Tackle Like You Mean It
Neil SneadeAs the result of an intra-club game should be pretty much a foregone conclusion this report is going to focus more on events than outcomes. League scheduling had given us a pair of 2s-versus-3s derbies on the same day. The ladies’ match immediately beforehand had provided us with suitable inspiration, the L3s pushing the L2s all the way and forcing the higher team to come from behind to win by a solitary goal for the tightest result of their season.

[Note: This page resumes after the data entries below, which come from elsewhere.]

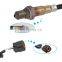 Korean car autos spare parts engine Lambda sensors 39210-22610 O2_a2 SENSORS dissolved Oxygen Sensors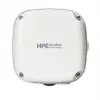 HPE Aruba Networking AP-565 (RW) Wi-Fi 6 Outdoor-Access-Point, 802.11ax, Dual 2x2 Radio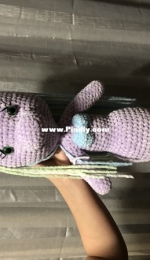 Mercorn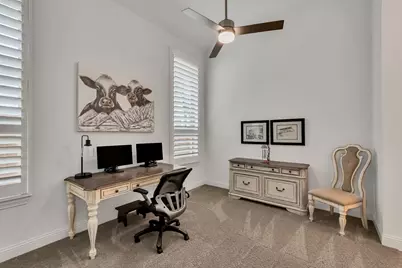 8516 Autumn Lake Trail, McKinney, TX 75071 - Photo 8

Discussion beforehand focused on opportunities to disrupt the M2s: put pressure on Coops, he hates marking; try and get Shin chatting, it puts him off; make Anns run. Unfortunately the wily 2s seemed wise to our nefarious tactics, probably helped by pinching the spine of our team, Dylan, NBM and Oven all called up for the higher side.
Any crafty plans were undone in the first two minutes though, as a surging 2s’ attack resulted in the ball popping up in front of George who tried an unconventional headed save. Unfortunately it only went as far as Jack who batted it back towards goal. Oven claimed he added a touch – just to make sure – a good two or three inches before it crossed the line.

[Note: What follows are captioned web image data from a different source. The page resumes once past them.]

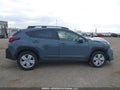 Photo 13 of 21 — 2024 Subaru Crosstrek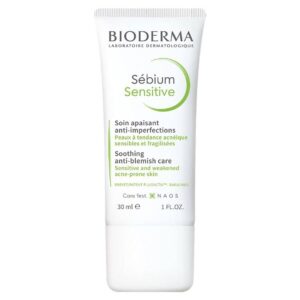 Bioderma Sébium Sensitive
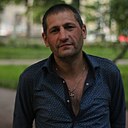 Знакомства: Алексей, 50 лет, Санкт-Петербург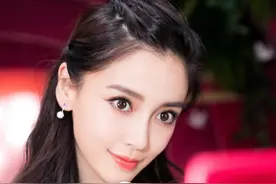 盘点邓伦的5大绯闻女友，个个美若天仙，网友：羡煞旁人图片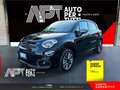 Fiat 500X 500X 1.5 t4 hybrid Sport 130cv dct Nero - thumbnail 1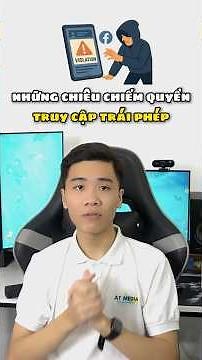 How to log in to Facebook without a password or account #phamsyhuan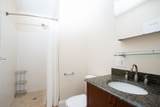 67 Lambert Ave - Photo 25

Despite the early setback the 3s steadied the ship and the remainder of the half remained scoreless. As was to be expected, the higher team had the preponderance of possession but the 3s, in the second away strip of green and yellow, battled hard and had several quick breaks down the flanks from Peter and Ed supported by Joe, Dan and Jonny. In the 2s’ goal, MSG was repeatedly forced into action to keep their lead intact while Coops received a warning from the umpire after being turned on the touchline by Peter and catching him from behind as the youngster surged away.
We were still in the game as the second period got underway. Gradually though the 2s began to turn up the pressure and the defence, with Neil and Adam flanked by Sev and Pash, were being forced deeper and into more desperate clearances. From one sixteen hit, Neil got caught dawdling looking for an outlet ball and was robbed by Oven, whose improvised shot flashed just wide of the post. A second goal looked on the cards but when it came it was from a set piece rather than open play, Jack getting in front of George at a short corner to deflect a ball low past the 3s’ keeper and inside the right post.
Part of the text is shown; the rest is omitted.